Ascension of ChristHave you ever thought about the events that transformed the apostles from runaway associates of Jesus into witnesses willing to be martyred for his message? The ‘About’ page on the Veracity blog encourages readers to “figure some things out.” That’s precisely what the apostles did between Good Friday (on the eve of the Jewish festival of Passover) and Pentecost (during the Jewish festival of Shavuot). But what they figured out wasn’t good enough.

The apostles witnessed all the miracles of Jesus while shadowing him for three years, but when the Roman soldiers showed up in Gethsemane all they had processed during those three years was quickly abandoned. They distanced themselves from him. So much for being bolstered by intellect. Obviously they were focusing on self-preservation and avoiding the pain and suffering that was about to be inflicted upon Jesus—just like you and I would have done. They knew that Jesus was God and that he had the power to raise the dead. They were there for the miracles, the transfiguration, the raising of Lazarus.  Intellectually and experientially they knew—but they followed their feet.

Forty days after the resurrection, they witnessed the ascension. But as mind-blowing as that event must have been—particularly in the afterglow of the resurrection—it wasn’t enough to change the apostles from cowards to revolutionaries. Jesus told them to wait in Jerusalem (for Pentecost, 10 days later).

This video from Glo Bible and our friends at Day of Discovery summarizes the events leading up to the ascension.

Jesus knew that his ascension would not be enough when he told the apostles beforehand, “…you will receive power when the Holy Spirit comes on you; and you will be my witnesses in Jerusalem, and in all Judea and Samaria, and to the ends of the earth.”  The anointing of the Holy Spirit wasn’t icing on the cake, and it wasn’t an unplanned or spontaneous result of all the teaching that transpired before Pentecost.
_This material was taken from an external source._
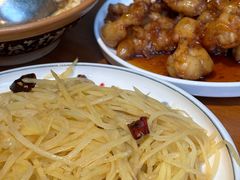-晚归月亮湾私家菜(临邑路店)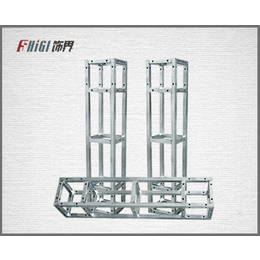 合肥饰界 稳定性好-铝合金舞台桁架出售-安徽铝合金舞台桁架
It wasn’t an insurance run in case the apostles didn’t get it. It was a vital part of God’s plan, preordained, and God’s provision for equipping disciples.

Ray Vander Laan has an amazing lesson on Pentecost (on the Southern Stairs of Herod’s Temple). It is one of the clips from the Faith Lessons DVDs, that should be in your personal library. This is teaching as good as it gets, and you can understand why Ray gets choked up when he describes the significance of being on those steps.
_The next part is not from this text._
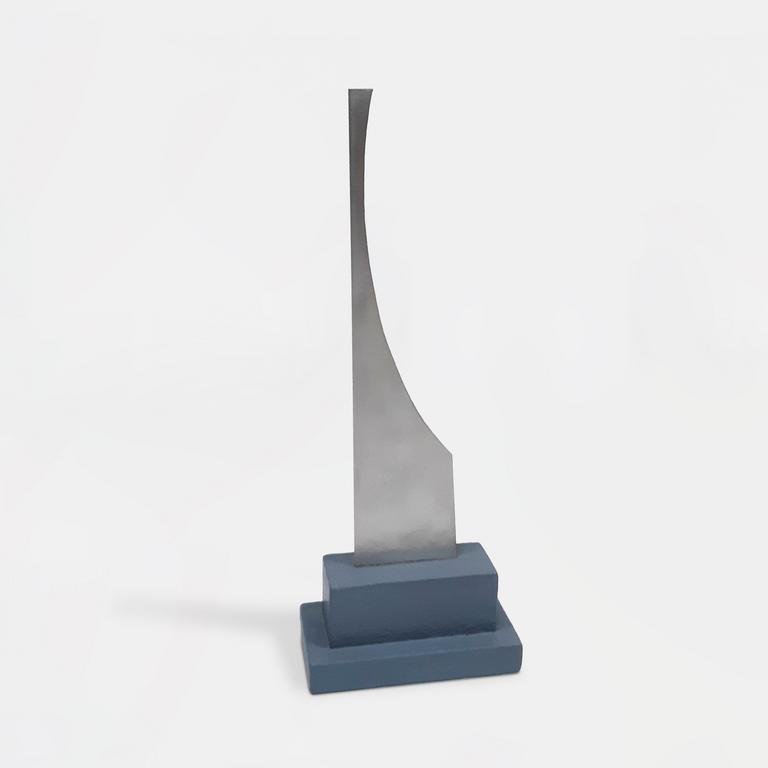Catalogue raisonné, Jean-Paul Thaéron, Sculpture - 2013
So…after all they had witnessed in the 51 days after Good Friday, particularly the resurrected Christ and his ascension, the apostles still didn’t have what it takes. We may like to think that if we had seen the ascension we would have been fully convicted and empowered. But the truth is it takes more. It takes God with us, not merely God before us. God knew that. God knows that.

When Christ gave the Great Commission in Matthew 28, he commanded his disciples to go to all the nations and baptize in the name of the Father, the Son, and the Holy Spirit.  The ascension was not enough. It took Pentecost. It takes the power and person of the Holy Spirit. Dick Woodward has a lot of teaching about the Holy Spirit, as does the Apostle Paul. If we’re going to get anywhere in our devotional lives, it takes the Holy Spirit. There are rich blessings behind the preceding two hyperlinks.

Why is it important to appreciate the ten days between Christ’s ascension and Pentecost? It gets to the heart of the Trinity, and understanding that God is manifest in three persons—and that we need the power of all three in our lives. It also clearly demonstrates God’s plan for us—we are not only his children, but his anointed children. Without that anointing, it’s not enough.